ABOUT THIS TASK
Without including any pictures, write out the data below exactly.

RECORDED DATA
┌────────
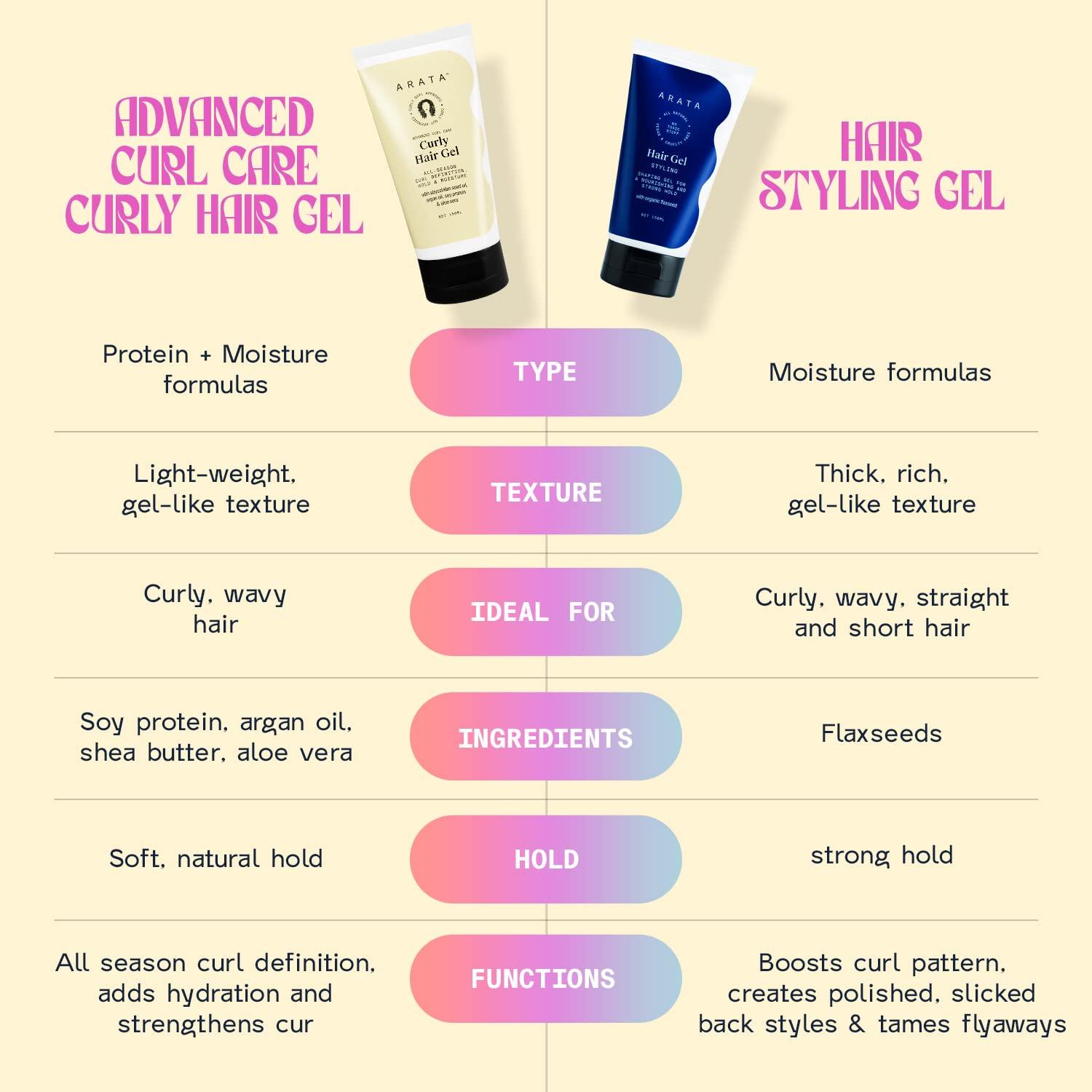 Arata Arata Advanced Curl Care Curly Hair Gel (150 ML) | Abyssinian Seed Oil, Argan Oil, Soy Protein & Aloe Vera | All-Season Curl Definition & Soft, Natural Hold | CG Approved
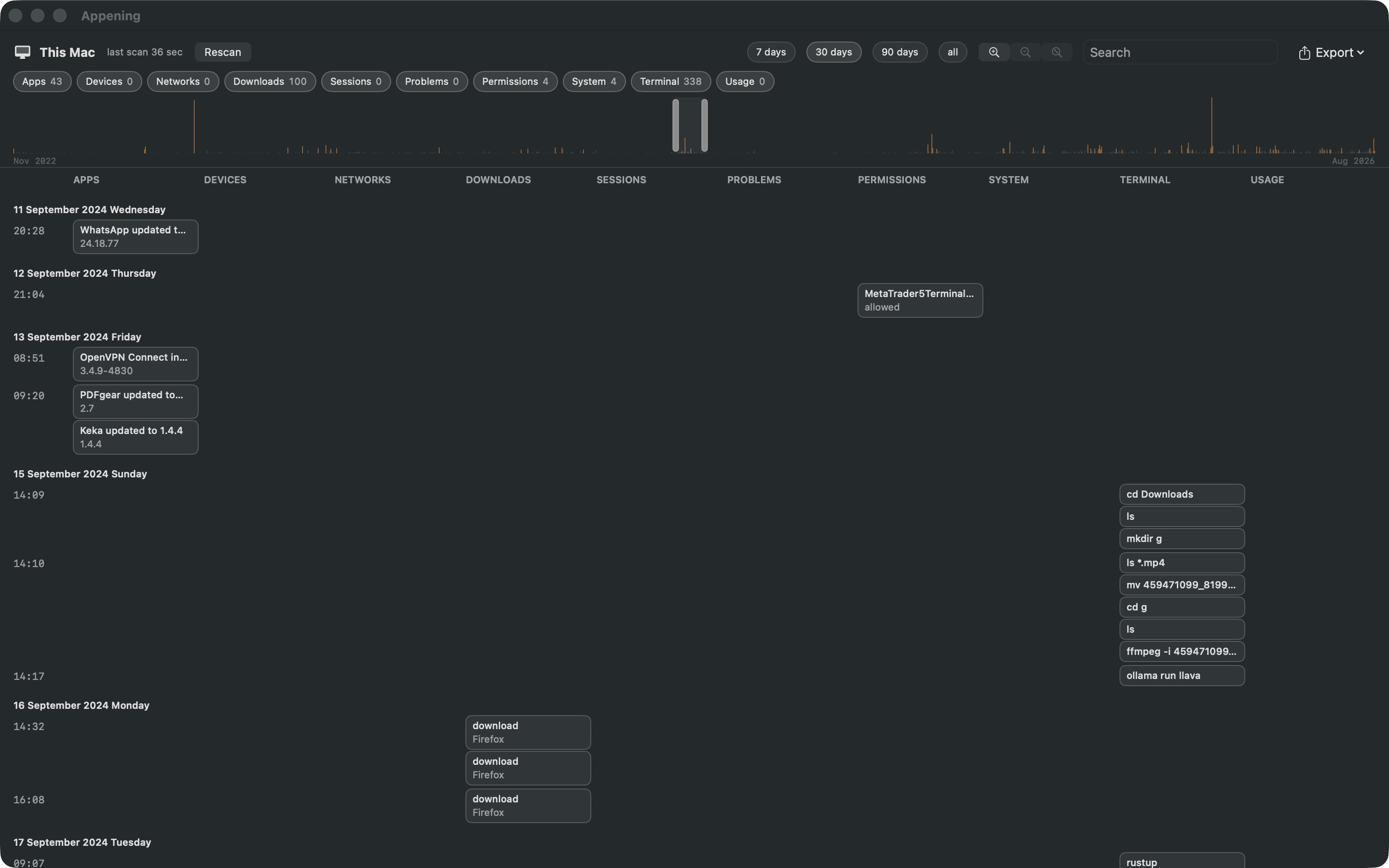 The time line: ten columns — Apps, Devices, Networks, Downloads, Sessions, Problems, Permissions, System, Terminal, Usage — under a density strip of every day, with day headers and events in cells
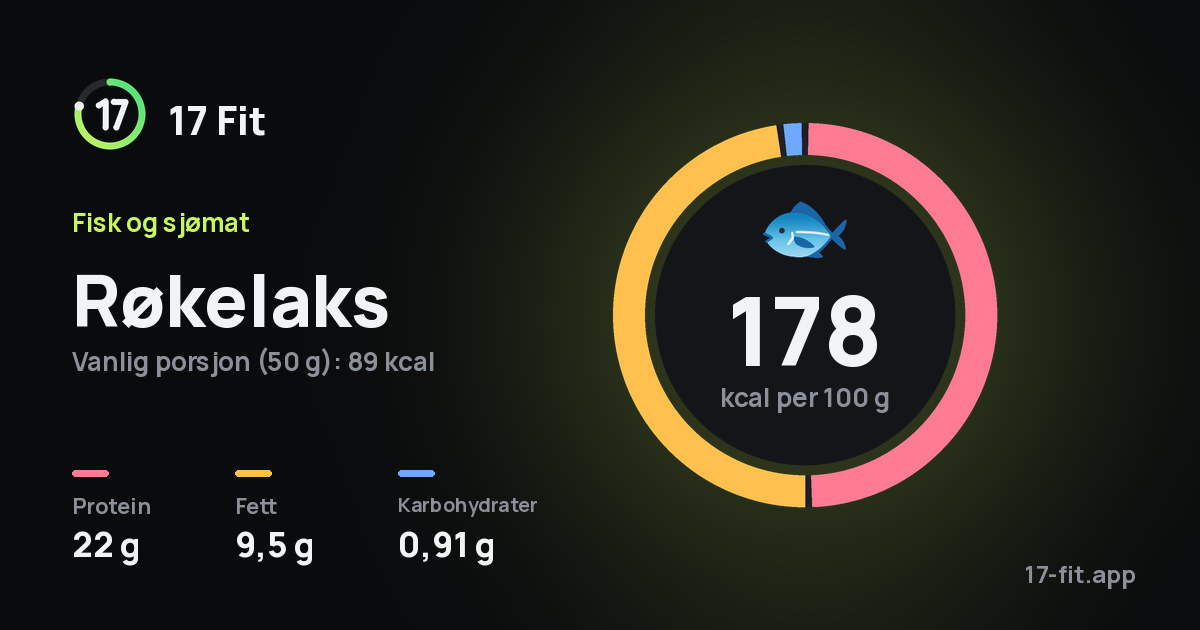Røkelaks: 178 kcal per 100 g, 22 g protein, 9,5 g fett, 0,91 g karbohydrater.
└────────
WRITTEN ANSWER
 Arata Arata Advanced Curl Care Curly Hair Gel (150 ML) | Abyssinian Seed Oil, Argan Oil, Soy Protein & Aloe Vera | All-Season Curl Definition & Soft, Natural Hold | CG Approved
 The time line: ten columns — Apps, Devices, Networks, Downloads, Sessions, Problems, Permissions, System, Terminal, Usage — under a density strip of every day, with day headers and events in cells
Røkelaks: 178 kcal per 100 g, 22 g protein, 9,5 g fett, 0,91 g karbohydrater.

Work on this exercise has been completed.